1404_2 OsiriXを日本の医療に持ち込んだ第一人者、あるいは3Dプリンタを用いた外科手術シミュレーションの開発者などとして有名な神戸大学・杉本真樹先生の最新著作。すでに手許に届きながらもさる宿題のためページを開くのが遅れてしまいましたが、ようやく読了いたしました。このテーマでの先生のプレゼンを一度拝聴していることもあり、流れるようにイメージと文章が吸収できました。「最初に疑問を投げかけて」プレゼンを始めた方が良い、「Power Point death」に陥るな(プレゼンソフトの機能を目一杯使って凝りすぎてはいけない)、「論文のスライド化」を避けるべきだ、「聴衆と一体になれるよう」自分の立ち位置・表現方法を改めよ、プレゼンが終わってからも聴衆とコンタクトを取れるように配慮すべき.....総てのコマンドは前向きで、だから世間も彼の主張をどんどん受け入れるようになっていったのがよく理解できました。
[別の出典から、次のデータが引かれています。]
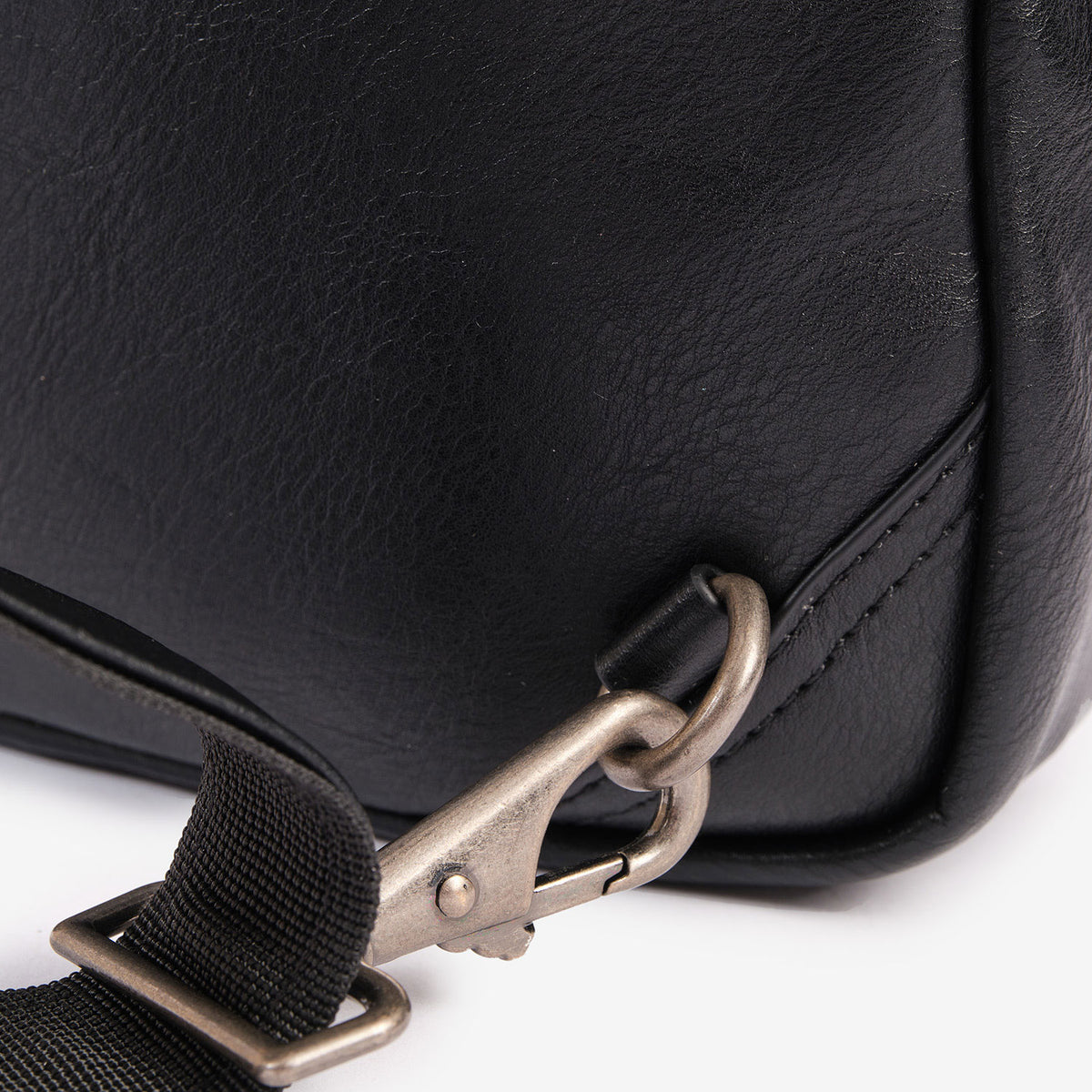 Men's messenger bag, Youth Series. 19x29x06 cm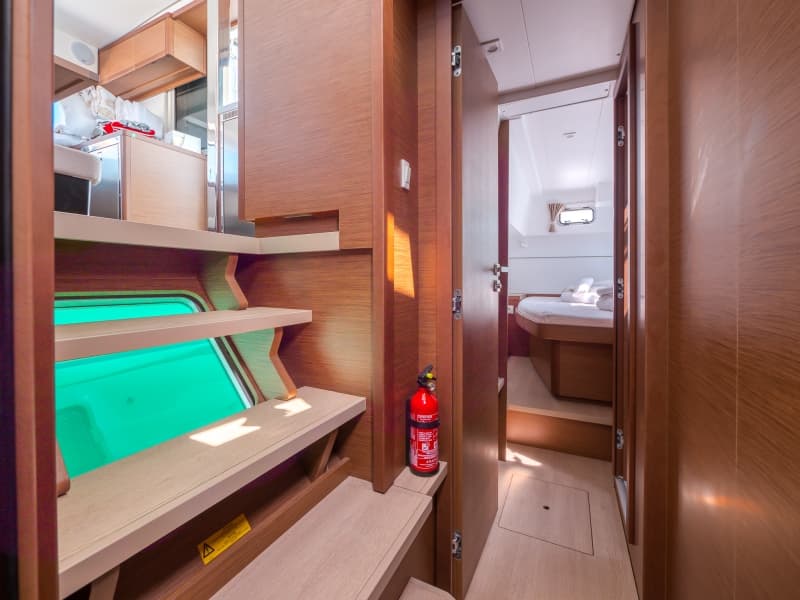 Lagoon 40 - photo 10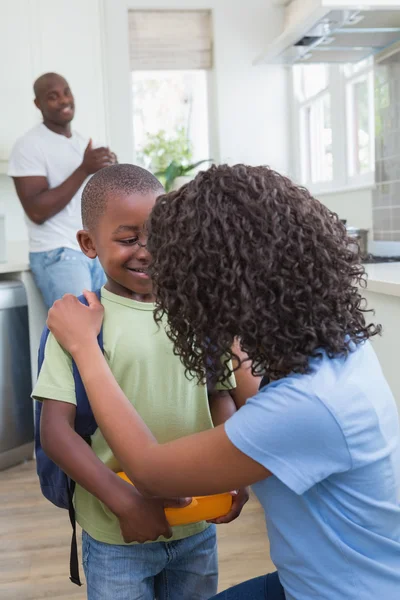 Mãe e pai preparam seu filho para ir à escola — Fotografia de Stock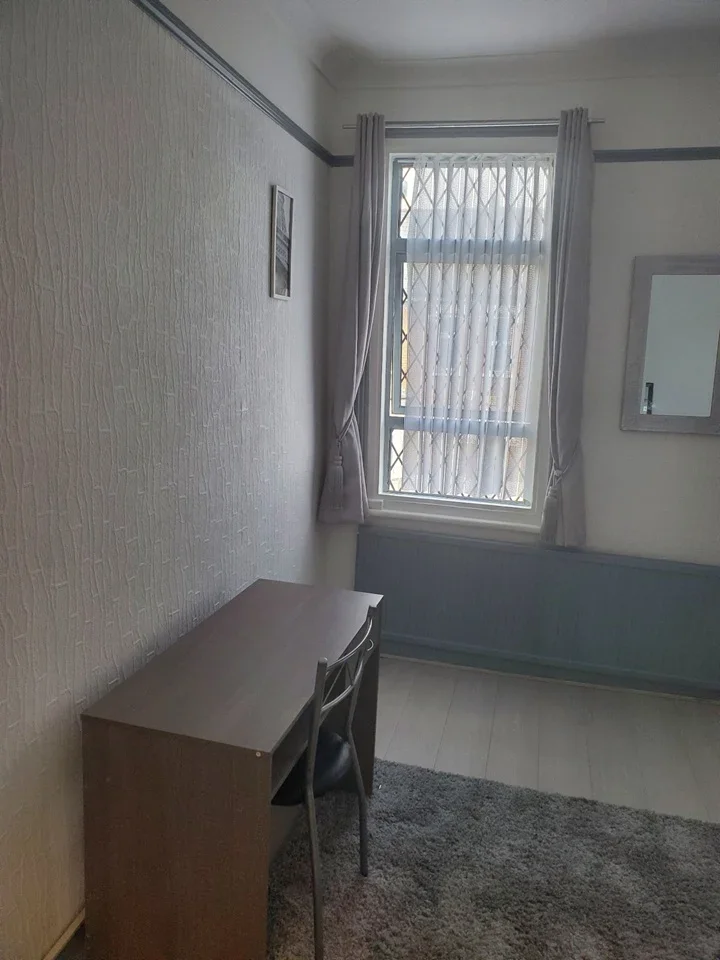 Room Selkirk Road in Greater London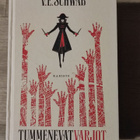 Tummenevat varjot V. E. Schwab - pikkukuva 1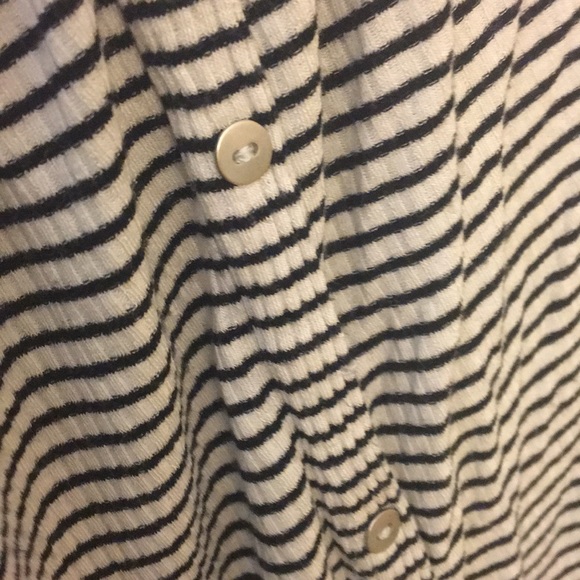 Kids Striped off the shoulder top - Picture 4 of 5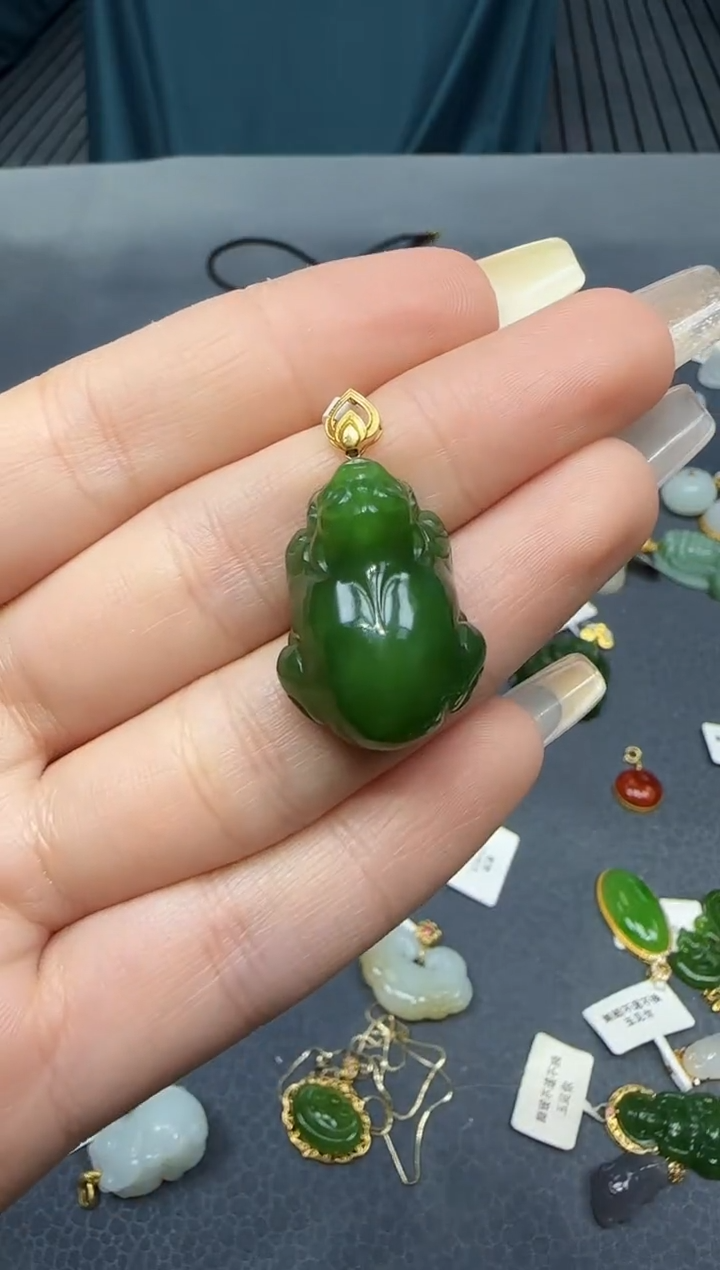 【闪购商品】和田玉挂件18K金镶嵌1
 本書を購入すると視聴できるムービーが書籍内に案内されています。本書の重要ポイントをご自身でプレゼンしておられます。読んでからこれを見るとさらに理解が深まります。残念なのはメディアがWMVであったこと。本来Macintosh使いである杉本先生なら何故Quick Timeムービーも仕込んでくれなかったか、と悔やまれてなりません。
 杉本先生にインスパイアされ、これからも自分のプレゼンを磨いてゆこうとは思いますが、まだまだ先は遠いようです。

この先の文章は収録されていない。